Civil Society Participation in Food System Governance and the SDGs
Joanna Horton (PhD student)
Decisions about the food system affect all our lives, but who makes these decisions, and how? As part of the Fair Food Futures project, this PhD explores questions of food system governance: that is, the processes, rules, and structures that underlie decisions about how food is produced, distributed, and consumed. In particular, the PhD explores the role of civil society actors – that is, members of community food organisations, unaffiliated with governments or corporations – in localising and implementing the UN Sustainable Development Goals, and especially SDG2 Zero Hunger.
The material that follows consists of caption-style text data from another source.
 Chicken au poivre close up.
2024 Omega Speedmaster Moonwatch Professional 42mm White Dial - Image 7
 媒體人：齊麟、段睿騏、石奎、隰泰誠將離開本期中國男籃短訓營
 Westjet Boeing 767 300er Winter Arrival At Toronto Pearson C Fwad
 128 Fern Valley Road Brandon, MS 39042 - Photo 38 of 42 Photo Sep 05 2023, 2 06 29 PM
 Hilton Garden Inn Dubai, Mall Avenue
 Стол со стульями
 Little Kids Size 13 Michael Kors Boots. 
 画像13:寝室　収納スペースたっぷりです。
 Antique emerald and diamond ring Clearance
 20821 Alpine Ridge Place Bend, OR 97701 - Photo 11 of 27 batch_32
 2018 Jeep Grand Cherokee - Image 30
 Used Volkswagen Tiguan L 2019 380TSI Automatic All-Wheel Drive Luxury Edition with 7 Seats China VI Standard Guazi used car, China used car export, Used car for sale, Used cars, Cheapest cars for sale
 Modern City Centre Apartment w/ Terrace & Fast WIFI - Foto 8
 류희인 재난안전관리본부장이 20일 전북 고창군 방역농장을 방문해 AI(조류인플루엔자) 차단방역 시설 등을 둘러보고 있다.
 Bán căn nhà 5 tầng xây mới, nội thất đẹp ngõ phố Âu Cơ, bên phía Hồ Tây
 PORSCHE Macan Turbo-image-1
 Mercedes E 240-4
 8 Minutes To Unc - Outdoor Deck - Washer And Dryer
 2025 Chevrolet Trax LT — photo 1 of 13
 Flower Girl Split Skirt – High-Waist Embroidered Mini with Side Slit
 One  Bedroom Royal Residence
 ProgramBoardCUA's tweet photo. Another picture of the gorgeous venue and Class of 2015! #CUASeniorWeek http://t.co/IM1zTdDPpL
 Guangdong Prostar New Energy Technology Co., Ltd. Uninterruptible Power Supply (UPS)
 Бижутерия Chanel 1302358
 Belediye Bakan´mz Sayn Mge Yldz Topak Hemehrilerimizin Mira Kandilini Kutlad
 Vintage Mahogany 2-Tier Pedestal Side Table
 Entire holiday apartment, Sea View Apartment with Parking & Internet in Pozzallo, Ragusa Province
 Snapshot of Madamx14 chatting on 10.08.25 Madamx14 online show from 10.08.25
While questions of governance can seem opaque and abstract, they have real-world consequences for the functioning of the food system. Where community food groups have been able to participate meaningfully in food system governance, this has been shown to reduce hunger and food insecurity, increase ‘food consciousness’, and bridge the gap between civil society and government bureaucracy.
Research into Australian community food networks – such as urban gardens, community supported agriculture (CSA) schemes, farmers’ markets, organic cooperatives, food charities and ‘fair food’ organisations – has found that many of these initiatives are experimenting with alternative models of food production, exchange, and distribution, emphasising equitable access to food that is sustainably and fairly produced. These networks go beyond a focus on food security to promote food justice – a rights-based approach to food that emphasises the central role of grassroots organisations and small-scale producers in realising fairer food systems. These actors could provide important perspectives and experience for the localisation and implementation of the SDGs. However, in Australia – as in many other countries – community food networks and other civil society stakeholders are often excluded from food system governance.
Working with Australian civil society organisations with a food justice orientation, this PhD project will explore the factors that currently determine these networks’ capacity to engage with food system and SDG governance in Australia, and how this might be reformed or transformed in future. It will use the the food utopias framework – which incorporates critique of conventional narratives, experimentation of different ways of doing food, and a focus on the process of creating dialogue around food system governance – with a particular focus on the third stage.
Specifically, this research asks: What are the factors influencing the ability of community food networks to participate in food system governance, and particularly in SDG localisation and implementation processes? And how could such participation be strengthened via alternative governance models?
While there has been previous scholarly work done on food security governance and the higher-level processes of UN forums (for example, the Committee for World Food Security), little to no work has examined smaller-scale participatory governance structures around the SDGs. Although alternative governance models have been proposed for moving beyond multistakeholderism, these have rarely been explored in depth, and never via participatory research with civil society actors in a particular local or national context. This research aims to fill this gap, thereby potentially developing useful tools for democratically reforming food system governance and building more just and sustainable food futures.